🤖 AI Summary
This work addresses the challenge of uniformly modeling diverse and unknown composite image degradations, which existing methods struggle to handle effectively. To this end, we propose a multimodal large language model (MLLM)-guided mixture-of-experts mechanism operating in the frequency domain. Our approach leverages semantic embeddings generated by an MLLM to enrich degradation-aware representations and introduces a frequency-domain mixture-of-experts module that adaptively fuses frequency experts based on contextual cues.
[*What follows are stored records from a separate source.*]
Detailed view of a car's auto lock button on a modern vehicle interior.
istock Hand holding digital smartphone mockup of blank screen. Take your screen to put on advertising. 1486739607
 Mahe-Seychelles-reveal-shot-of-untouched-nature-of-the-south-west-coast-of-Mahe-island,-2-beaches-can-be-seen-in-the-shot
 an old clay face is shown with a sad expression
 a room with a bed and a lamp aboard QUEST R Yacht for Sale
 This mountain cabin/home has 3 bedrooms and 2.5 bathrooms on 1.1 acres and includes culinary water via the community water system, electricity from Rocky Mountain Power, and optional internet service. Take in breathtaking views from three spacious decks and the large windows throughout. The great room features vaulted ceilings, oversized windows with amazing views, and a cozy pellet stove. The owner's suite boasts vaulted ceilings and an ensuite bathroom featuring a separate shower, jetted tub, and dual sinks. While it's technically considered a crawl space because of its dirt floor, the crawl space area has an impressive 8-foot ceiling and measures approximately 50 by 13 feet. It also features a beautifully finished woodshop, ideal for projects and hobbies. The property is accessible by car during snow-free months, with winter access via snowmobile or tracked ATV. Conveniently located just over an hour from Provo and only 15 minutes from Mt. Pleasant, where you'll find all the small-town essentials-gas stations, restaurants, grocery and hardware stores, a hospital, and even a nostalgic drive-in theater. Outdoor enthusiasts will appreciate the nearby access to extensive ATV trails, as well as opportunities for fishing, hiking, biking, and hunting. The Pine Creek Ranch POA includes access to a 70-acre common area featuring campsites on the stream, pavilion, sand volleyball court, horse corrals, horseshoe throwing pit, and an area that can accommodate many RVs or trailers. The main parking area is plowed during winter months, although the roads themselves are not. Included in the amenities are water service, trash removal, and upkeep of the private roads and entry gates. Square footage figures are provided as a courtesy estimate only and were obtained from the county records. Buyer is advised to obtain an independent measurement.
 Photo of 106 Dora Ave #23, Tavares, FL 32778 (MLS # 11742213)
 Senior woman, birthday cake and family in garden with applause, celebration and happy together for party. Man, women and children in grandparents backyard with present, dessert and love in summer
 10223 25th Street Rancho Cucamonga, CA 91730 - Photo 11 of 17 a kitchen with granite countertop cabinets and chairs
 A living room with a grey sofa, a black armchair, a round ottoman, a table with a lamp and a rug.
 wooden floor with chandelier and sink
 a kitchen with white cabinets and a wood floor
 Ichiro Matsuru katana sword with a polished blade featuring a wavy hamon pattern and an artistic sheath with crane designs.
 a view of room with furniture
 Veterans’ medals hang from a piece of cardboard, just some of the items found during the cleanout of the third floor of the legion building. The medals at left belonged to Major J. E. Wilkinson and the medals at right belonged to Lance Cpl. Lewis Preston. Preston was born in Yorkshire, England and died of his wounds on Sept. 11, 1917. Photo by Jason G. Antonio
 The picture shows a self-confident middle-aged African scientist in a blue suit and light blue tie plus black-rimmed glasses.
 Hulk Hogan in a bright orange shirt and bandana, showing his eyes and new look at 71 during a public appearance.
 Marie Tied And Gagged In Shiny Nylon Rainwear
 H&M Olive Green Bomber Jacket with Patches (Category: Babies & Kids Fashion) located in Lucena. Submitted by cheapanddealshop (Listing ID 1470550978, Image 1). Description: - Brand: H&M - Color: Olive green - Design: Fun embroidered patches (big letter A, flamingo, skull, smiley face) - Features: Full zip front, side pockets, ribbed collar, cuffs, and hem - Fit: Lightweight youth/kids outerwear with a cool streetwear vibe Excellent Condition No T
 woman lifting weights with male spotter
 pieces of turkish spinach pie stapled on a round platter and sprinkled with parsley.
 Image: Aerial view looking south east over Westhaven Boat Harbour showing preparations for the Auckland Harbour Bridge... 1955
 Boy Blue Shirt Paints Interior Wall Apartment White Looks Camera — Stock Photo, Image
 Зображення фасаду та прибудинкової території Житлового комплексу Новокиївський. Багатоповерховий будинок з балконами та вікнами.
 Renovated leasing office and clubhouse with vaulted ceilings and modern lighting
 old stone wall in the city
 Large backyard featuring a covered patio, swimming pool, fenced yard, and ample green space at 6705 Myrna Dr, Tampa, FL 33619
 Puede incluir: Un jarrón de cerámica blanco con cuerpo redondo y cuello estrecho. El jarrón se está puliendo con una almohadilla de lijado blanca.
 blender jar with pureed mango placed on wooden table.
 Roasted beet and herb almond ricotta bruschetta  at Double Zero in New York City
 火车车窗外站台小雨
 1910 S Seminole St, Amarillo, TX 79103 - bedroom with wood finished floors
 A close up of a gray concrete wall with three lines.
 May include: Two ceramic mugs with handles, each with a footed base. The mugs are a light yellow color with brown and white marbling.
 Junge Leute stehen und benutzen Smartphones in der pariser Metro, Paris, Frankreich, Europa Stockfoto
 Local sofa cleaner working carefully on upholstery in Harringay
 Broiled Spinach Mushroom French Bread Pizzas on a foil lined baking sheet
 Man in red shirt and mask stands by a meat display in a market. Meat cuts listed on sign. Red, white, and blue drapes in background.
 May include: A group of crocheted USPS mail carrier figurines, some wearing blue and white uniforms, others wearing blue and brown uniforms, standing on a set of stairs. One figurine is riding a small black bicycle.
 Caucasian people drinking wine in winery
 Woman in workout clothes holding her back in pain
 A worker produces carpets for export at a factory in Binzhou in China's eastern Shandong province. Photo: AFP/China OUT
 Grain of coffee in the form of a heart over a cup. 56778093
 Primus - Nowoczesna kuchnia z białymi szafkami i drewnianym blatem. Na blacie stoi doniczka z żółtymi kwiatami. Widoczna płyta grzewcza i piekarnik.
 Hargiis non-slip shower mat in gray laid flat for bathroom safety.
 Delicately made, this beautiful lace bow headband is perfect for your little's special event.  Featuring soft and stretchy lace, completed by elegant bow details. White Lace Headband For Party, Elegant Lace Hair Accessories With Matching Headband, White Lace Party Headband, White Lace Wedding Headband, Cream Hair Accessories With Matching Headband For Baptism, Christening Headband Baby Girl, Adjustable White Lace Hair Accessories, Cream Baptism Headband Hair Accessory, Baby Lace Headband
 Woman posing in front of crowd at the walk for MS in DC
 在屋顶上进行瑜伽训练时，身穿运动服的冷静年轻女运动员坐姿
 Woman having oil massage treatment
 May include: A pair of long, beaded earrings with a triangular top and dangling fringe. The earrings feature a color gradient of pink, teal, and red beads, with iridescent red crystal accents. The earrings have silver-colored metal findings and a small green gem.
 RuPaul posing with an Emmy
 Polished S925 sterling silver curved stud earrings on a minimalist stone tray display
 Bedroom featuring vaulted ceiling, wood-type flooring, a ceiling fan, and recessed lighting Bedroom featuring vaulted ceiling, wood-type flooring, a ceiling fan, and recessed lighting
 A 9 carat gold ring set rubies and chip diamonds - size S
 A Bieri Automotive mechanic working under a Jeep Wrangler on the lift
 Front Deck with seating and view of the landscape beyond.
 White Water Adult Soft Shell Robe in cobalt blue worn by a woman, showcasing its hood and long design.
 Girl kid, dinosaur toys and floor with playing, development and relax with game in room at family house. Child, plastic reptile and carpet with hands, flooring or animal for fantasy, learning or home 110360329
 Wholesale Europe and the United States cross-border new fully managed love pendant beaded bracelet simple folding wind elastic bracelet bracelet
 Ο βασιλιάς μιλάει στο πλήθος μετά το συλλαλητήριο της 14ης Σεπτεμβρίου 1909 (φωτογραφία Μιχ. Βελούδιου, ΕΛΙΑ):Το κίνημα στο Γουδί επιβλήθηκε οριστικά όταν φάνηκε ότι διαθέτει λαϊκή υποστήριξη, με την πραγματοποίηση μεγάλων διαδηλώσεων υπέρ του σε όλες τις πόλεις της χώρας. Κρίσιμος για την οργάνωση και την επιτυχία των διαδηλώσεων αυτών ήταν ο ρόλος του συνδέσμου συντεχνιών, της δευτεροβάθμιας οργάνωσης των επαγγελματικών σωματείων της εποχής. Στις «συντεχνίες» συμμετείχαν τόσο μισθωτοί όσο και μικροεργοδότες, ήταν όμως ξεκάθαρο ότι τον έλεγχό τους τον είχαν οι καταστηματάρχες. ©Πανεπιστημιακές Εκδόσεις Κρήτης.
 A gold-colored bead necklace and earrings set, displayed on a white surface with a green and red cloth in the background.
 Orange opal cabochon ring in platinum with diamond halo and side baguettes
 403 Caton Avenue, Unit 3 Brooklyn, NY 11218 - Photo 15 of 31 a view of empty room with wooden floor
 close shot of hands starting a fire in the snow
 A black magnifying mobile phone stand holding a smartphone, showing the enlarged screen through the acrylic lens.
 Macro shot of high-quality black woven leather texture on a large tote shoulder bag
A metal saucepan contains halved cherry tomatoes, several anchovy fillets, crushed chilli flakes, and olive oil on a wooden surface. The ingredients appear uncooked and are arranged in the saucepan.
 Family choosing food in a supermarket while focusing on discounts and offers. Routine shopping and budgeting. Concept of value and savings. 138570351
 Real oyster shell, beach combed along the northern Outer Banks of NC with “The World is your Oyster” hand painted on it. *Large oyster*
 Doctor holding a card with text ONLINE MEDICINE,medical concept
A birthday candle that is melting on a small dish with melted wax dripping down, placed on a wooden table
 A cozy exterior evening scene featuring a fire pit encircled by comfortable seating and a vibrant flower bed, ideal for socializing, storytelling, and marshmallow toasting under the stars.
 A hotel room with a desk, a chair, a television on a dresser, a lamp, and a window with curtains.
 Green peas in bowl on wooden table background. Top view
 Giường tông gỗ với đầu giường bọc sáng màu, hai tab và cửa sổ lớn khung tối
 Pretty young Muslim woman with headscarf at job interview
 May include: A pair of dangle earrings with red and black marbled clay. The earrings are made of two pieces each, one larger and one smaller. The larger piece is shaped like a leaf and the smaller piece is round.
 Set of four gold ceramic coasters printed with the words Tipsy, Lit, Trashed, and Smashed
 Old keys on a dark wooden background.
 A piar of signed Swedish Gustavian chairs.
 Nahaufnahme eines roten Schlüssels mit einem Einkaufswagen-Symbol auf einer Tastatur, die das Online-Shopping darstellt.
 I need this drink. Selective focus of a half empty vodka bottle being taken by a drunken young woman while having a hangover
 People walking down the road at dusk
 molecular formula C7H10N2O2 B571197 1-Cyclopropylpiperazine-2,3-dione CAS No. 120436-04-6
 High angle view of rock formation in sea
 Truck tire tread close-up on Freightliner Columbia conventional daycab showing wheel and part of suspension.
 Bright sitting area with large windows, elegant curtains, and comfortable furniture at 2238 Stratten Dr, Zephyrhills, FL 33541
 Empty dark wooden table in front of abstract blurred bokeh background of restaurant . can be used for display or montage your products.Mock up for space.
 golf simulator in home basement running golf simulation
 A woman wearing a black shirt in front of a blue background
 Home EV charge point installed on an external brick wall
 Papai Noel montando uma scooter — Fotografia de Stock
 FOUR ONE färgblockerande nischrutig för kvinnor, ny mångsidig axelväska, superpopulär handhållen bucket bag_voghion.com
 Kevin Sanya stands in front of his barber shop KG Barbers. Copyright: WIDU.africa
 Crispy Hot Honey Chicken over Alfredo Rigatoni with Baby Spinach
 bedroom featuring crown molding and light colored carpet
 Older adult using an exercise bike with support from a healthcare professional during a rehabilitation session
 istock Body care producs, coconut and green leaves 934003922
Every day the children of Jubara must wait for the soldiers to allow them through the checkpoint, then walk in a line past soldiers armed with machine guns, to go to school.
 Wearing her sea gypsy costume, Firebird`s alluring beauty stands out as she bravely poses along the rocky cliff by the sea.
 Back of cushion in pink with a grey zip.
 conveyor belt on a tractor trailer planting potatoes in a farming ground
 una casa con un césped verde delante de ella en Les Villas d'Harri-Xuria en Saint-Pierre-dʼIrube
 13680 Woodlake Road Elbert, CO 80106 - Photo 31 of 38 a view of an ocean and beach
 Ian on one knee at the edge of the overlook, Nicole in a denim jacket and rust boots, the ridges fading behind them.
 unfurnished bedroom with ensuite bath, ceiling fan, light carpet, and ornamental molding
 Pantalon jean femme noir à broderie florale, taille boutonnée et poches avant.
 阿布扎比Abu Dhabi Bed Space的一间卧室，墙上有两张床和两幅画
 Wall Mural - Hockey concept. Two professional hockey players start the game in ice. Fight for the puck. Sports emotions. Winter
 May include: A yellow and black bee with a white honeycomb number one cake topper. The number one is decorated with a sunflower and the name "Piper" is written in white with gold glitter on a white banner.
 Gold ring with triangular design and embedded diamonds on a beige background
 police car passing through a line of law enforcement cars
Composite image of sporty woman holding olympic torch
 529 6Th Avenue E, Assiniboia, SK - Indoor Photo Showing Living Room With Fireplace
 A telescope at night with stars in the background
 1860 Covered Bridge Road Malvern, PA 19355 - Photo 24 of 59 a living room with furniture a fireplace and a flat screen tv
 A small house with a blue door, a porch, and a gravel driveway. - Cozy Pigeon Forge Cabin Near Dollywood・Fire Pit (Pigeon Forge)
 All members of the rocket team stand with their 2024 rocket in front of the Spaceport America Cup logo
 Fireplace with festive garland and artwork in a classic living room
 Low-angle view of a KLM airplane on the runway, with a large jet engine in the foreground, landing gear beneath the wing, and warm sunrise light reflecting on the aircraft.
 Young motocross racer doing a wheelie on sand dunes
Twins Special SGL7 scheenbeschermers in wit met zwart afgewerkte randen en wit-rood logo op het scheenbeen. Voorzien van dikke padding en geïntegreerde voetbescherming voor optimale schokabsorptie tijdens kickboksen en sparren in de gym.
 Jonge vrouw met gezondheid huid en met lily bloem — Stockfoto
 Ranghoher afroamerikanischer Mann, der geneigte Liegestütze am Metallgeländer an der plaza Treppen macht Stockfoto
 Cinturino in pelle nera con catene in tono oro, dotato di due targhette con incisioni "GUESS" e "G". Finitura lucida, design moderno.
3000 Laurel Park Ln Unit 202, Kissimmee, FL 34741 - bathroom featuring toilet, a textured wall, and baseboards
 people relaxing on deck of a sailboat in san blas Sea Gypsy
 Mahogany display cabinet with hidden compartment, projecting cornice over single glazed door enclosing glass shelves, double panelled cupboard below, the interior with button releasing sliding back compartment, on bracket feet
Furthermore, we devise a relation-aligned routing strategy coupled with a dedicated loss function to explicitly capture the continuous structural relationships among different degradations. Extensive experiments demonstrate state-of-the-art performance across multiple benchmarks, with our method achieving a notable gain of up to 1.35 dB on the CDD11 dataset.
📝 Abstract
All-in-one image restoration seeks to recover clean images from inputs affected by diverse and unknown degradations using a unified framework. Recent methods have shown strong performance by identifying degradation characteristics to guide the restoration process. However, many of them treat degradations as discrete categories, which limits their ability to model the continuous relational structure that arises in composite degradations. To address this issue, we propose a multimodal large language model (MLLM)-guided image restoration framework that exploits multimodal embeddings as guidance for low-level restoration. Specifically, MLLM-derived features are injected into an encoder-decoder architecture through an MLLM-guided fusion block (MGFB) to enhance degradation-aware representations. In addition, we incorporate a mixture-of-frequency-experts (MoFE) module that adaptively combines frequency experts using MLLM-guided contextual cues. To further improve expert routing, we design an MLLM-guided router with a relational alignment loss that encourages routing patterns consistent with the embedding-space relationships of degraded inputs. Extensive experiments on multiple benchmarks show that the proposed method achieves strong performance across diverse restoration settings and establishes a new state of the art on the challenging CDD11 dataset, outperforming previous methods by up to 1.35 dB.